Die Erforschung Jupiters mit Raumsonden und JUICEs Mission
Es gab bisher wenige Sonden zu Jupiter, das liegt zum einen an der Entfernung die eine hohe Startgeschwindigkeit nötig macht und so die Trägerrakete verteuert, aber auch an der hohen Belastung durch den Strahlengürtel und die geringe Sonneneinstrahlung die früher RTG als Energieversorgung nötig machte. Bisher gab es nur zwei Sonden, die in einen Orbit um Jupiter einschwenkten und fünf weitere die ihn passierten.
Den Anfang machten Anfang der Siebziger Jahre Pioneer 10 und 11. Wie der Name „Pionier“ schon sagt gehörten diese Sonden zu einem Programm, bei dem es darum ging, die ersten zu sein, den Weg zu bereiten. Pioneer Sonden waren relativ einfach aufgebaut und hatten eine beschränkte wissenschaftliche Nutzlast. Pioneer 10 und 11 hatten neben der Erforschung des Jupiters selbst vor allem die Hauptaufgabe den Asteroidengürtel zu durchfliegen und festzustellen in wiefern er gefährlich für eine Raumsonde sein kann. Bedingt durch das kleine Kamerasystem und die geringe Datenrate, lieferten die Sonden nur wenige Hundert Bilder von Jupiter und nur jeweils ein grobes von den vier großen (galileischen) Monden. Ihre wichtigste Beobachtung bei Jupiter war aber die Feststellung eines starken Magnetfelds, das geladene Teilchen der Sonne einfängt und so einen Strahlengürtel bildet, der um ein vielfaches stärker als der Van Allen Strahlungsgürtel der Erde ist. So konnte man die im Bau befindlichen Voyager Sonden zusätzlich gegen die Strahlung abschirmen.
Voyager 1 und 2 für die Pioneer 10 und 11 den Weg geebnet hatte,n sollten eine seltene Planetenkonstellation ausnutzen die es Ende der siebziger Jahre gab. Eine Sonde konnte nacheinander alle vier Gasplaneten besuchen. Das tat auch Voyager 2, während Voyager 1 nur an Jupiter und Saturn vorbeiflog. Die Voyagers waren mehr als dreimal so schwer wie die Pioneers und hatten eine umfangreichere Instrumentensuite zur Beobachtung der Gasplaneten und ihrer Umgebung.
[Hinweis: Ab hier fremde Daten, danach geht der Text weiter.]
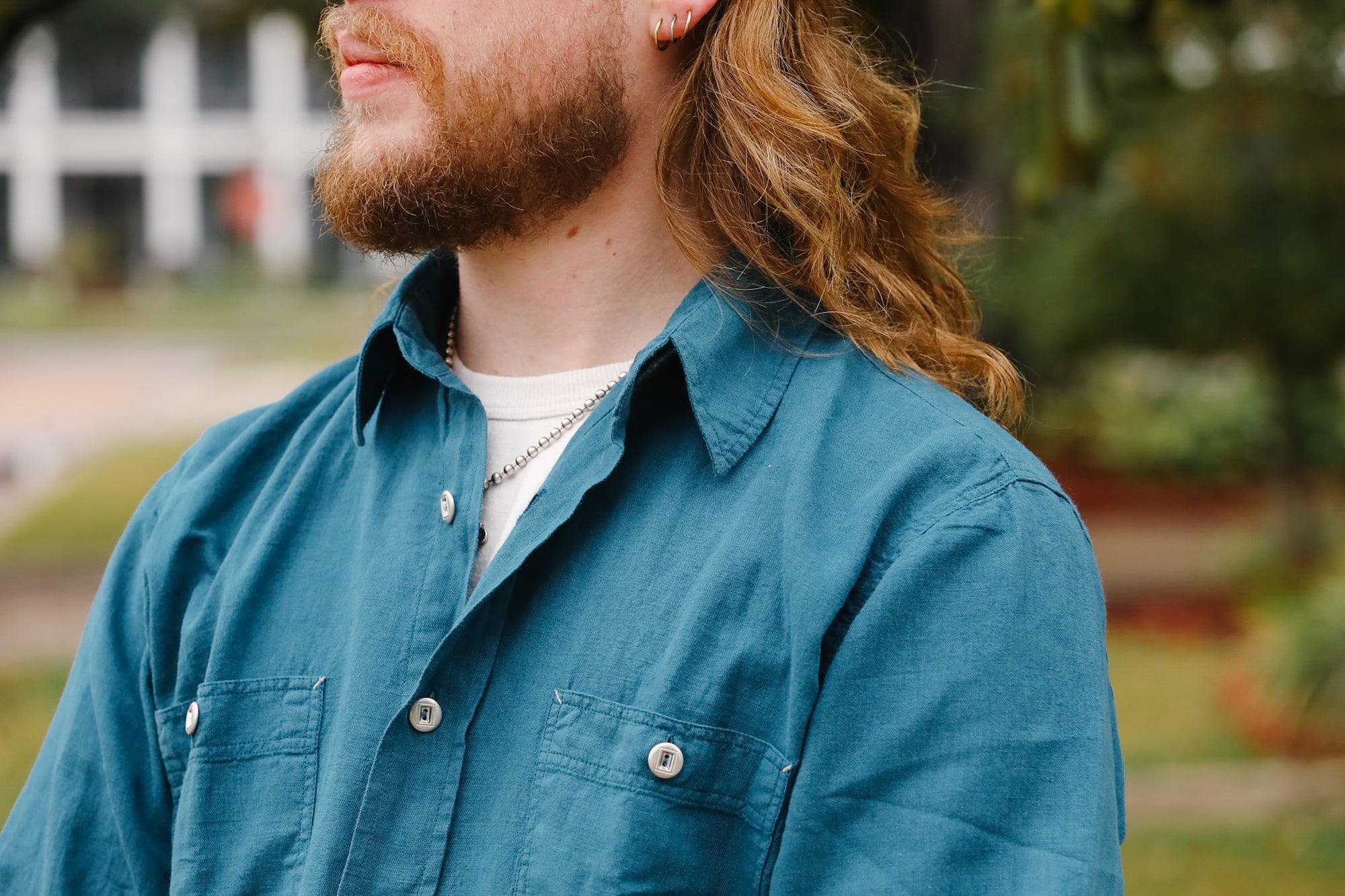 Man wearing a blue shirt with a blurred outdoor background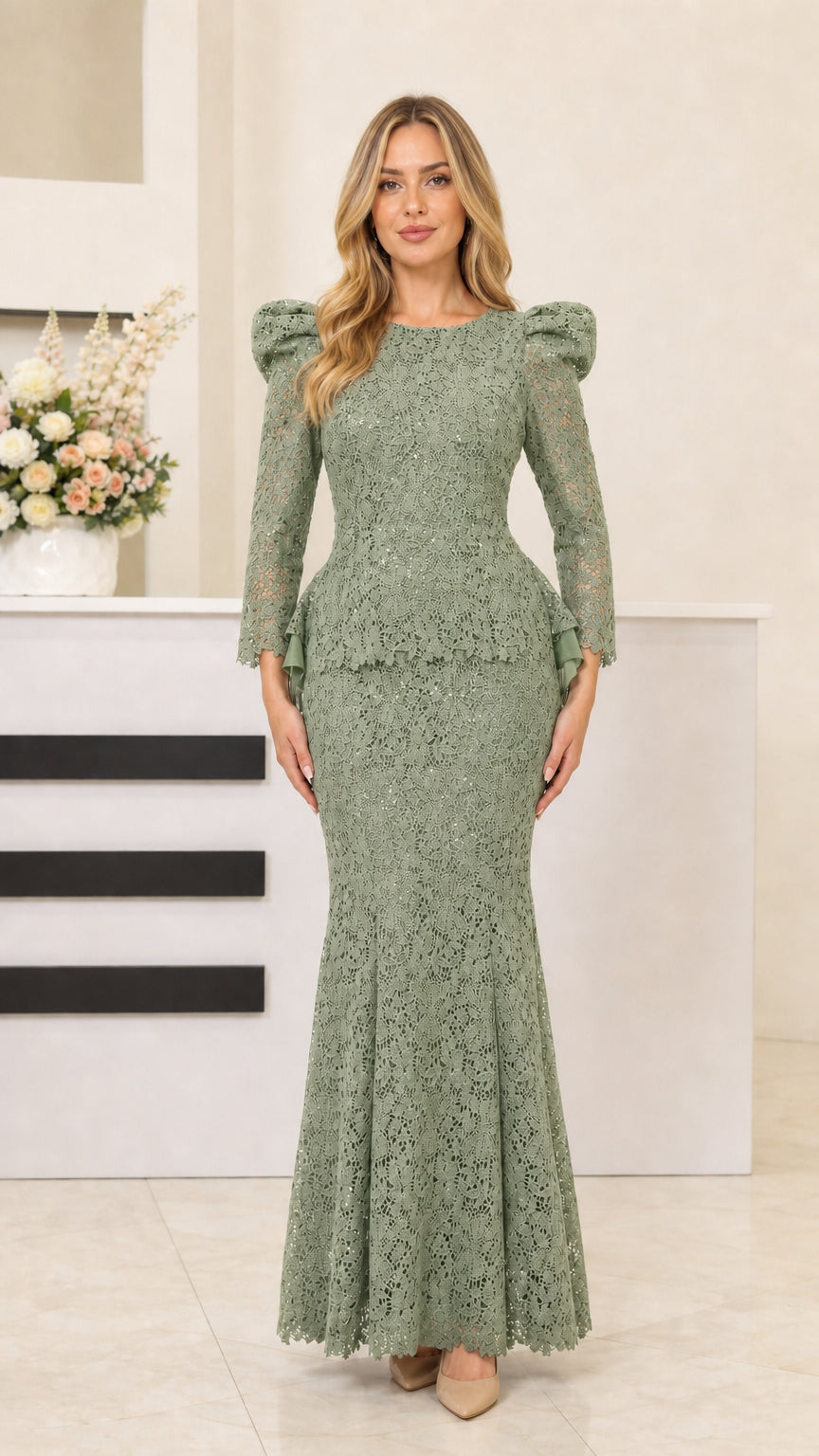 Full length view of woman in sage green lace formal dress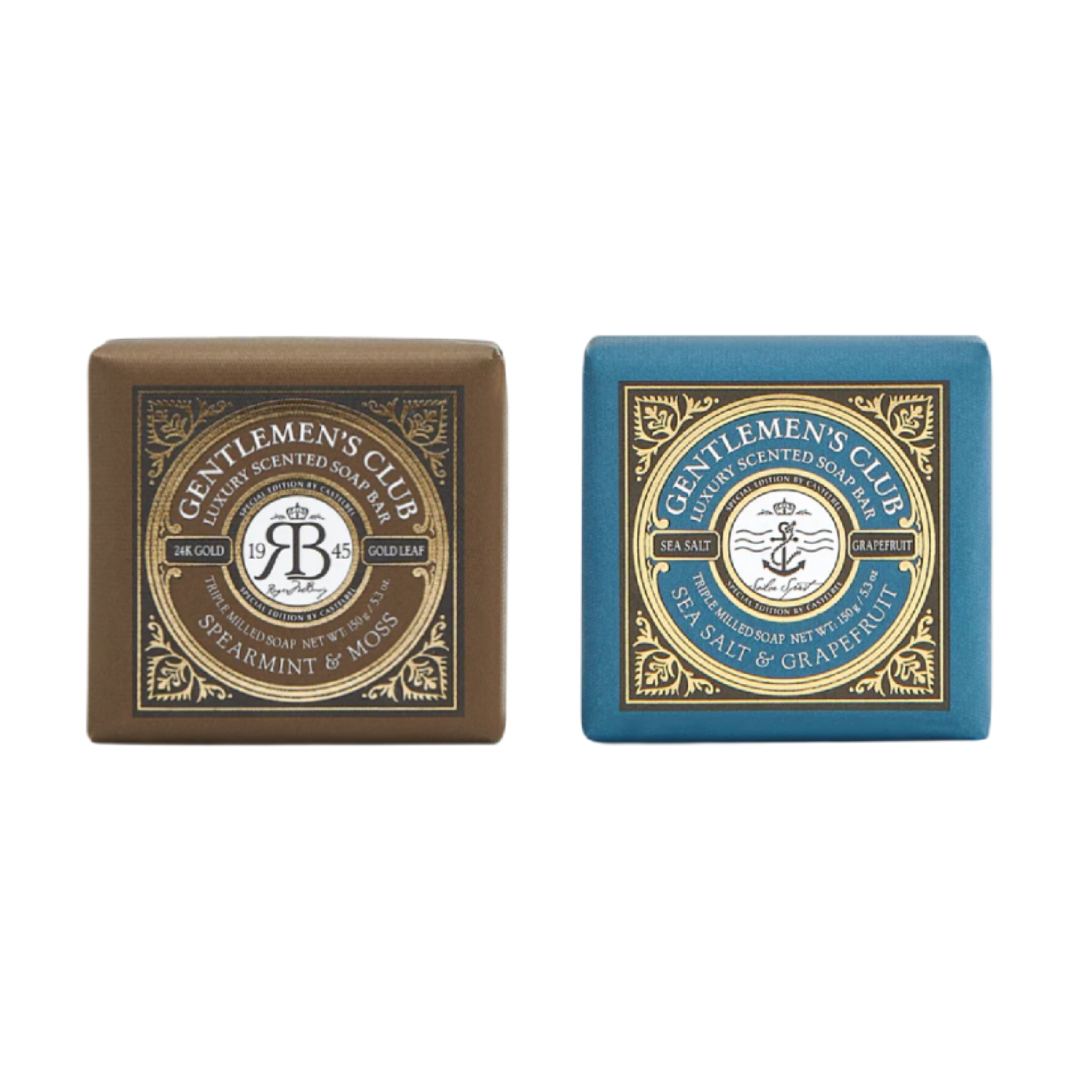 Castelbel - Sabonetes Gentlemen's Club Duas barras de sabão embaladas com design elegante, uma castanha e outra azul.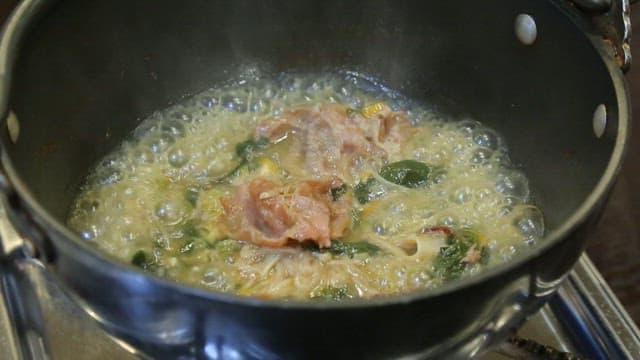 Beef shabu-shabu boiling in a pot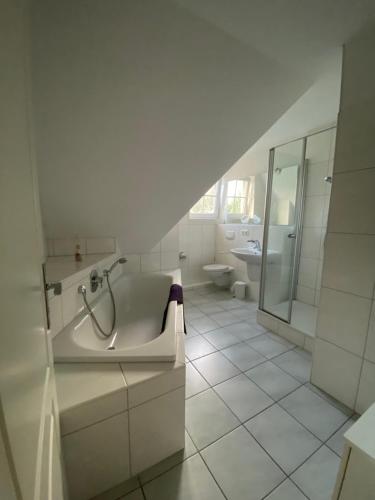 a white bathroom with a tub and a sink at Am Jungfernberg 2 in Rankwitz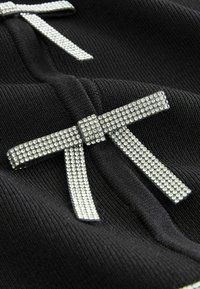 Czarna dzianina z dwoma dekoracyjnymi kokardkami wykonanymi z rhinestone'ów, o gładkiej fakturze i błyszczących akcentach podkreślających wzór.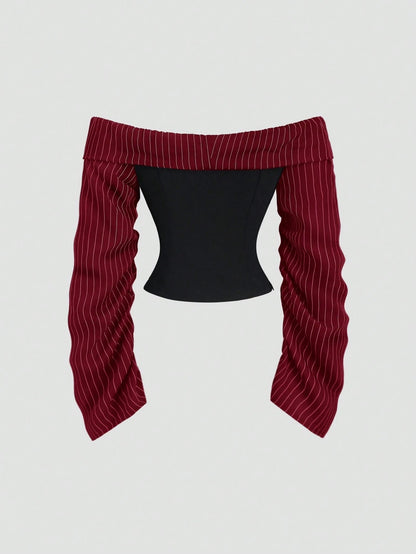 Two-tone off-shoulder black top with striped red sleeves and an attached necktie detail laid flat against a neutral background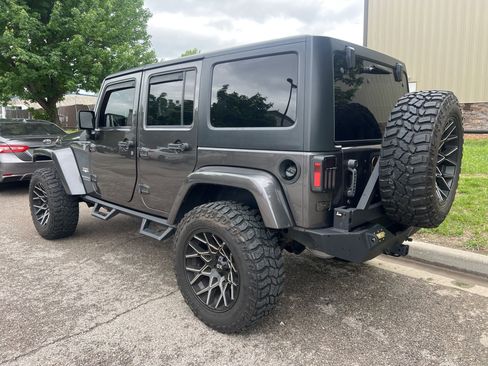 Used 2014 Jeep Wrangler Unlimited Sahara w/ Dual Top Group AWD/4WD image 7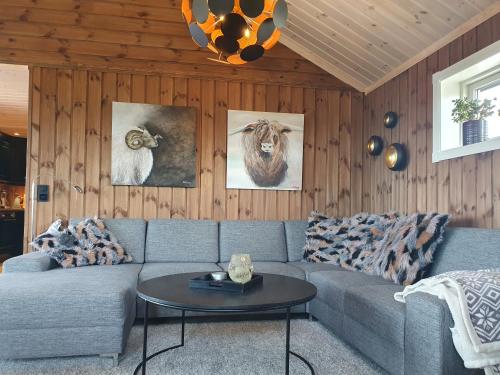 a living room with a couch and a table at Wonderful cabin with amazing mountain - view in Lifjell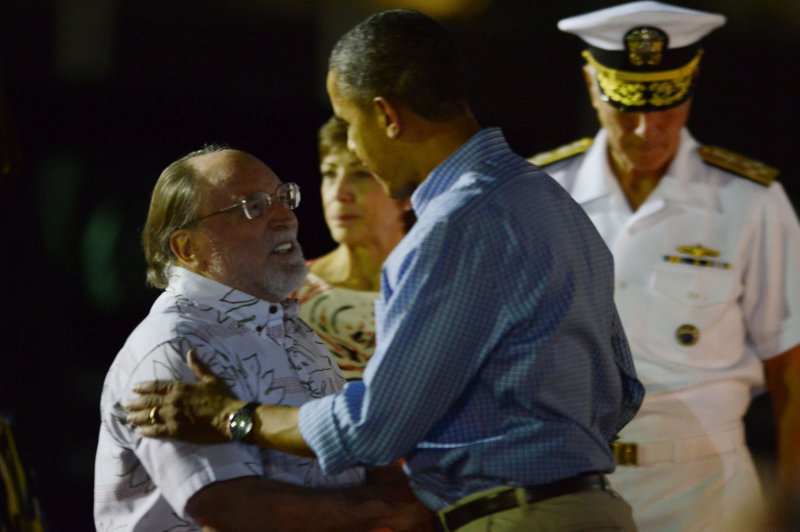 President Barack Obama greets Hawaii Governor Neil Abercrombie upon arrival with his family at Joint Base Pearl Harbor-Hickam in Peal Harbor, Hawaii to start their winter vacation on December 20, 2013. UPI/Cory Lum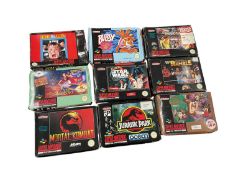 Collection of boxed Super Nintendo Games to include limited edition tin boxed Street Fighter 2, Home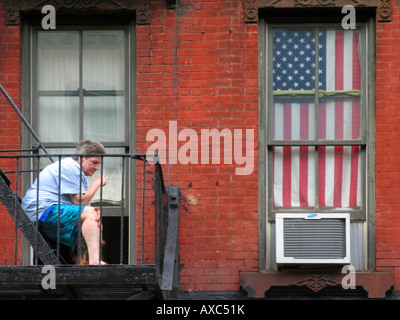 woman smokes a cigarette on balkony, USA, Manhattan, New York Stock Photo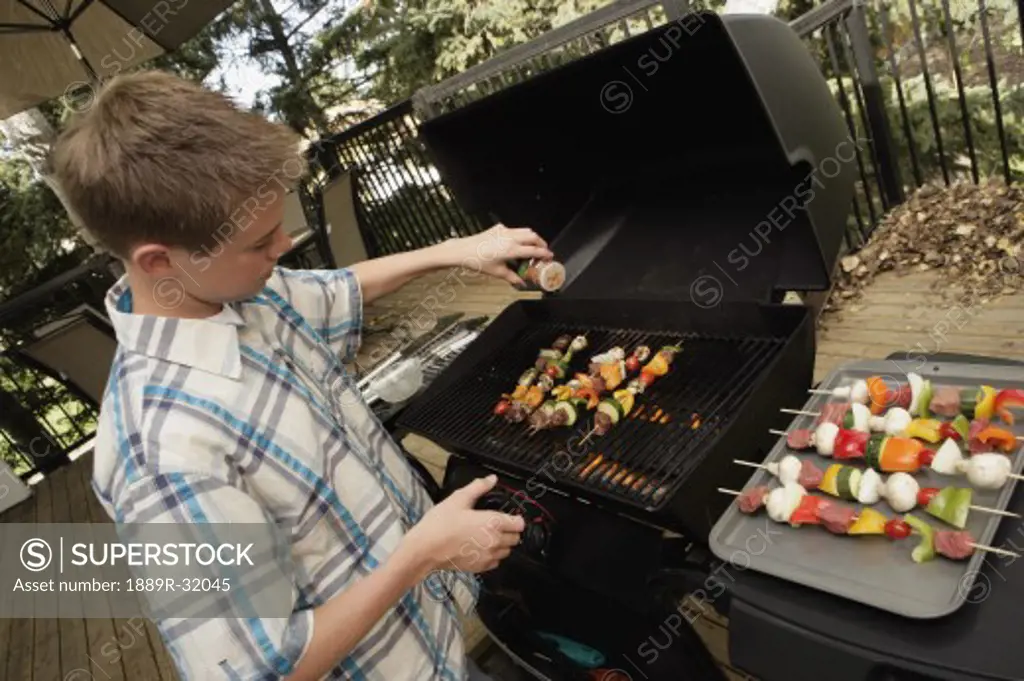 Boy barbecuing outdoors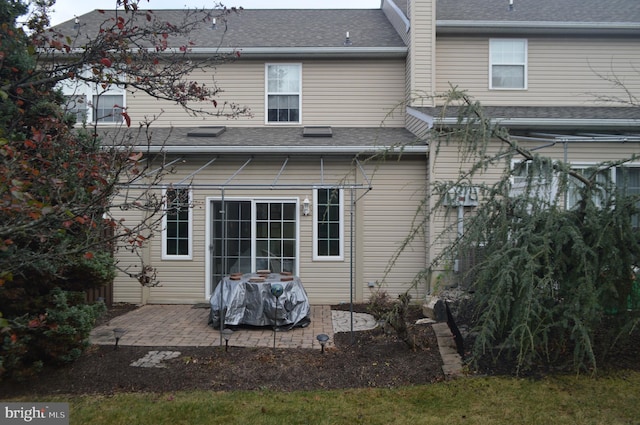 rear view of house with a patio area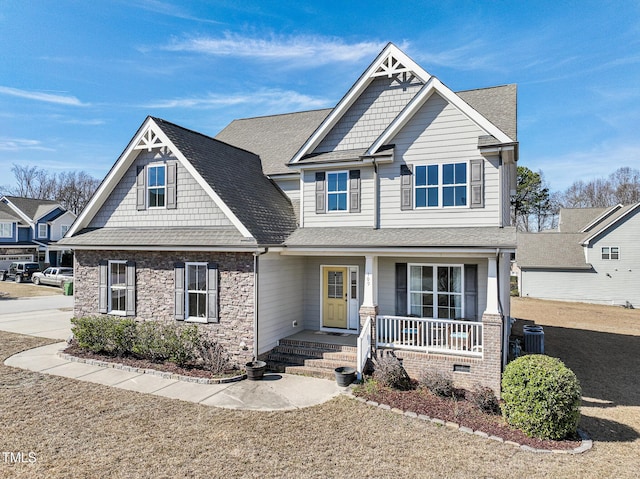 craftsman-style home with stone siding, a porch, roof with shingles, and central air condition unit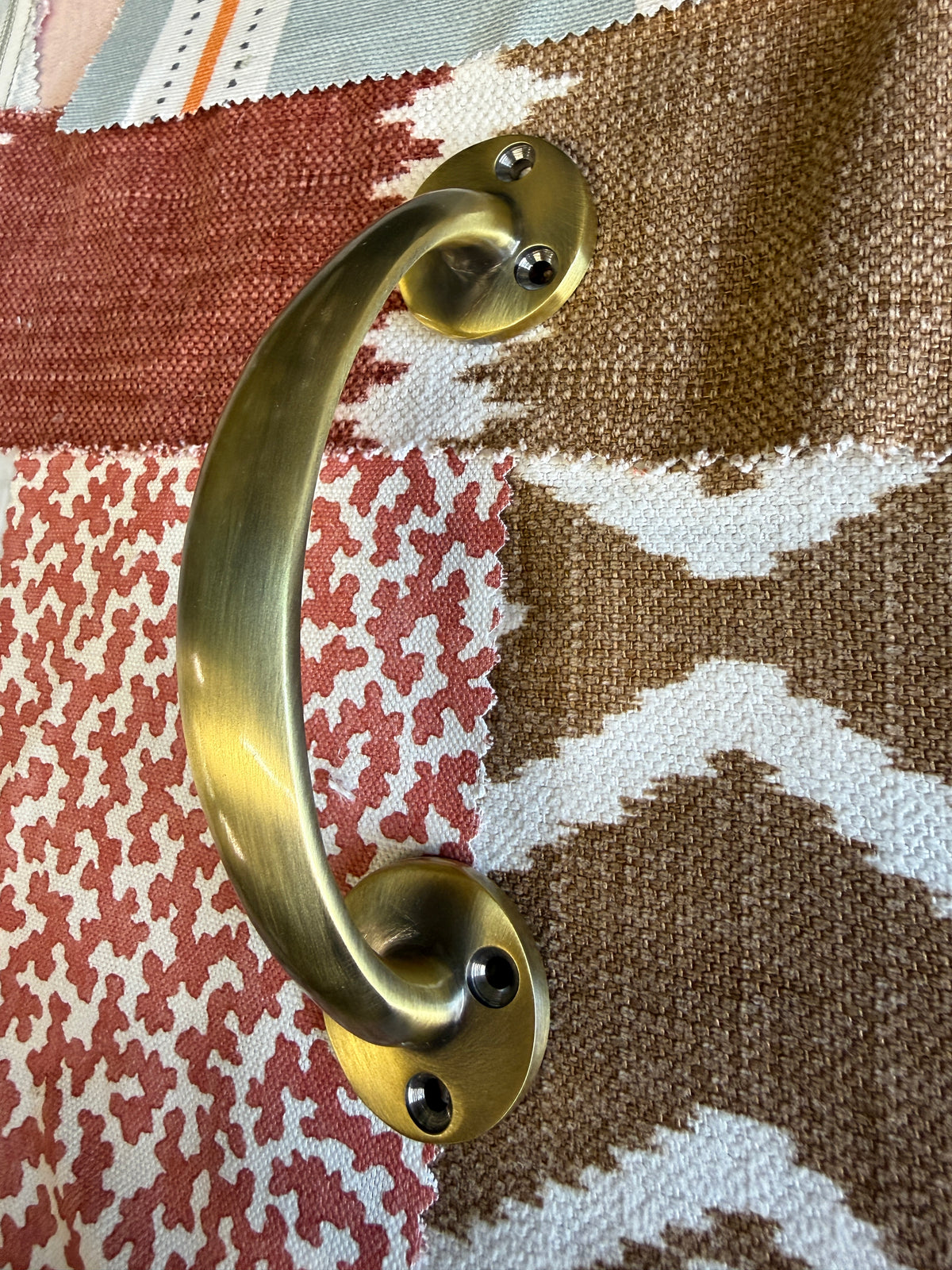 Antique brass bow handle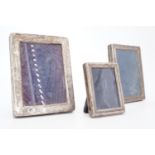 Three silver photograph frames of diminutive size, 11, 10.5 and 7 cm high respectively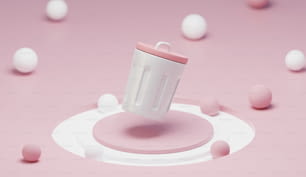 a white cup with a pink lid surrounded by pink and white balls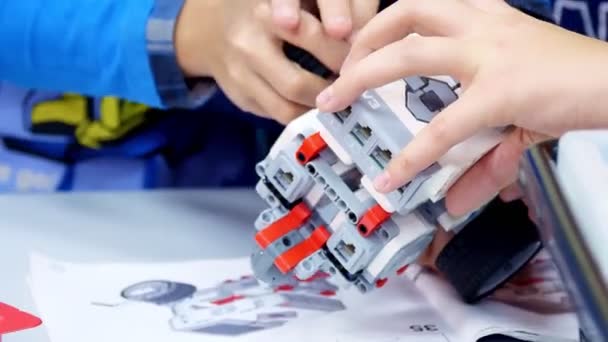 Primo piano, gli studenti creano un dispositivo utilizzando il progettista, parti non ferrose, blocchi, secondo i disegni nelle istruzioni. Scuola di Robotica, Educazione STEM . — Video Stock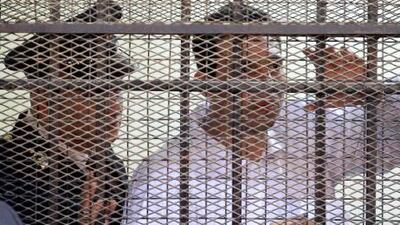 The former state security policeman, Mohsen al Sukkari (right) addresses the court in April from behind bars during his trial in the murder of Lebanese singer Suzanne Tamim.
Jupiter ist so groß, das beide Sonden etwa 80 Tage vor und nach dem Vorbeiflug Aufnahmen machen konnten und sie flogen auch erstmals relativ nahe an den vier galileischen Monden Io, Europa, Ganymed und Kallisto vorbei. Beide Sonden lieferten zusammen über 30.000 Bilder von Jupiter und seinen Monden. Sie enthüllten, dass diese Monde nicht die uninteressanten Eisbrocken waren, für die man sie vorher hielt. Begingt durch die Gezeitenkraft Jupiters waren die inneren drei galileischen Monde tektonisch aktiv. Beim jupiternächsten Mond Io reichte das Durchwalken durch die Gezeitenkräfte Jupiters für eine starke vulkanische Tätigkeit, welche die Oberfläche permanent verändert. Selbst zwischen den vier Monaten die zwischen den Vorbeiflügen der Voyagers lagen veränderte sich die Oberfläche – und das auf einer Skala die noch aus großer Entfernung sichtbar war. Bei dem nächstäußeren Mond Europa reichten die Gezeitenkräfte noch für eine Einglättung aller Impaktstrukturen. Dafür gab es merkwürdige Linien, deren Natur man erst später verstand. Der größte galileische Mond Ganymed zeigte einen Aufbau aus verschiedenen Schollen mit Bruchlinien. Lediglich der äußerste galileische Mond, Kallisto entpuppte sich als vollständig mit Einschlagkratern bedeckt. Die Voyagers entdeckten einen Plasmatorus zwischen Io und Jupiter, Nordlichter auf Jupiter, drei weitere Monde und einen Ring um den Planeten.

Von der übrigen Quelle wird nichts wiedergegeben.